PITARO: The days of us walking into a client’s office and saying, ‘This is what we have. Take it or leave it,’ are over. It’s all about customization and working with a client, cultivating partnerships.
Q: So where are we foremost seeing the effects of the economy?
RAAB: We’re certainly feeling it, but as I think was mentioned earlier, we’re not feeling it I think as badly because so many of our [digital] deals are tied to TV deals. And for us, our upfront period has sort of become fourth quarter and first quarter. Much of our business, of course, is around the Mets and a lot of that got clarified early this year. And now, going into this period again, we’ve just picked up a huge property in the Big East, which is something we’ve never had before. Some of this we’re still figuring out, but it’s new. It’s a new opportunity and we’re out there knocking on doors.
Q: Brian, what about the NFL? Where are you seeing the effects of the economy, particularly online?

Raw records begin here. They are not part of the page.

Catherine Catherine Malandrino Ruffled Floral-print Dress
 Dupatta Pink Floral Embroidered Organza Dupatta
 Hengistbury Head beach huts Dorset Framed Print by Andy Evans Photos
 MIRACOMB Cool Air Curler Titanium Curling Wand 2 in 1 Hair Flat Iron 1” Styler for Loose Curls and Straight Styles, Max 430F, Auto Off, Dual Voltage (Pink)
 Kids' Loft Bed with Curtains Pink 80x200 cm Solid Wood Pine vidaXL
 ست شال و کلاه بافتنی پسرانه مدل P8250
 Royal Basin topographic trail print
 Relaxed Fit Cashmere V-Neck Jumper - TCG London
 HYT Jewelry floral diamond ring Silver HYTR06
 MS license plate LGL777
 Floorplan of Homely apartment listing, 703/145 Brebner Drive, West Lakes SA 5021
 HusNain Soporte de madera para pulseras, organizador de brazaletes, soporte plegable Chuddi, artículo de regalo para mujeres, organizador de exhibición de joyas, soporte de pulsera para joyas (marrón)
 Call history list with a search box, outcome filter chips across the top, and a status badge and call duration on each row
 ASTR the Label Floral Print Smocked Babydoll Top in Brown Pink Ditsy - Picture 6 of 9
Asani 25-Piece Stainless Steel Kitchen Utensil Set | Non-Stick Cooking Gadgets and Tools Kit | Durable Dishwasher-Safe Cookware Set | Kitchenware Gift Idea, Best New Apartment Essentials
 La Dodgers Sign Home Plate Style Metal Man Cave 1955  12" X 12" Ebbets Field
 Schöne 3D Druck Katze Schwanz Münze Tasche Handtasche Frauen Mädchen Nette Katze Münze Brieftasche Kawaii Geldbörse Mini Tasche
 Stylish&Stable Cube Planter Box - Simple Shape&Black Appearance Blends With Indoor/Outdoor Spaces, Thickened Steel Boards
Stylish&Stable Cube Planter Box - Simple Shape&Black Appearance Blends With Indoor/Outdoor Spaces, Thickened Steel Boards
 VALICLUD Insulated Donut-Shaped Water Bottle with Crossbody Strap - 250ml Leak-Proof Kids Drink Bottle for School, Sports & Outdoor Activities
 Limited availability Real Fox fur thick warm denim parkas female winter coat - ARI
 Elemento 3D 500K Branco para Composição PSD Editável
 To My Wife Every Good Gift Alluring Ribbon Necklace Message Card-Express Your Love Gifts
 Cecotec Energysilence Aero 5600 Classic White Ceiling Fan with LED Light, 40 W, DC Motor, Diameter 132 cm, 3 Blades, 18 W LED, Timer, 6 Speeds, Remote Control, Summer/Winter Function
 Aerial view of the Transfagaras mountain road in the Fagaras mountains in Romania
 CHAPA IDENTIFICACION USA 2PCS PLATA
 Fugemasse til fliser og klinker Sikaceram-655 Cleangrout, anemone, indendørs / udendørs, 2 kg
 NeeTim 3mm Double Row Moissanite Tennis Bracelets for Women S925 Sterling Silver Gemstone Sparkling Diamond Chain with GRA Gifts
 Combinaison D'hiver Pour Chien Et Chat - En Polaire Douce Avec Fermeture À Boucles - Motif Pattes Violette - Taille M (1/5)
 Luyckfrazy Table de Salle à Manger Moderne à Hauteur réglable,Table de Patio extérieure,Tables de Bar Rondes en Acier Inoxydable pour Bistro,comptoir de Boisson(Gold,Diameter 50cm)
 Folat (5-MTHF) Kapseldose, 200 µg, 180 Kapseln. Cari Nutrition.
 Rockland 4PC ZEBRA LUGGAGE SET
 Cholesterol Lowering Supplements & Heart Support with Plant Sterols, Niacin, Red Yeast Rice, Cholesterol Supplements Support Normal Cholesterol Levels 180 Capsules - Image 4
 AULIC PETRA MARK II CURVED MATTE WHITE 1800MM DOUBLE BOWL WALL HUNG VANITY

ROLAPP: Again, a lot of stuff is contracted longer-term, just like John was mentioning. But you’ve seen it -- GMC was an example Jeff brought up. Here’s a traditionally big NFL sponsor who’s just saying that the money is drying up. And if they’re pulling back Super Bowl 30 [second spots], you know they’re pulling back everywhere. I think we compete for a fair amount of discretionary spend, just like everyone else does, and it starts with sponsors who are looking to activate around their sponsorships. But there are also non-sponsors, and since the NFL has adopted a media model to go along with the sponsorship model, it means that if you’re not an NFL sponsor, you can actually get in and associate with NFL content under certain parameters. And so, I think we’re feeling it there. We’re hitting our numbers. We’re sort of on track. But we’ve got a lot of football left to play and a there’s lot of money in the market. And it’s incumbent upon us to execute not only from a sales standpoint, but also from an execution and programming standpoint. We’re not running around the building with our hair on fire just yet. But we’ve got a healthy level of paranoia to keep us moving. And as some people have often said, only the paranoid survive in this business, and I think we’re no different.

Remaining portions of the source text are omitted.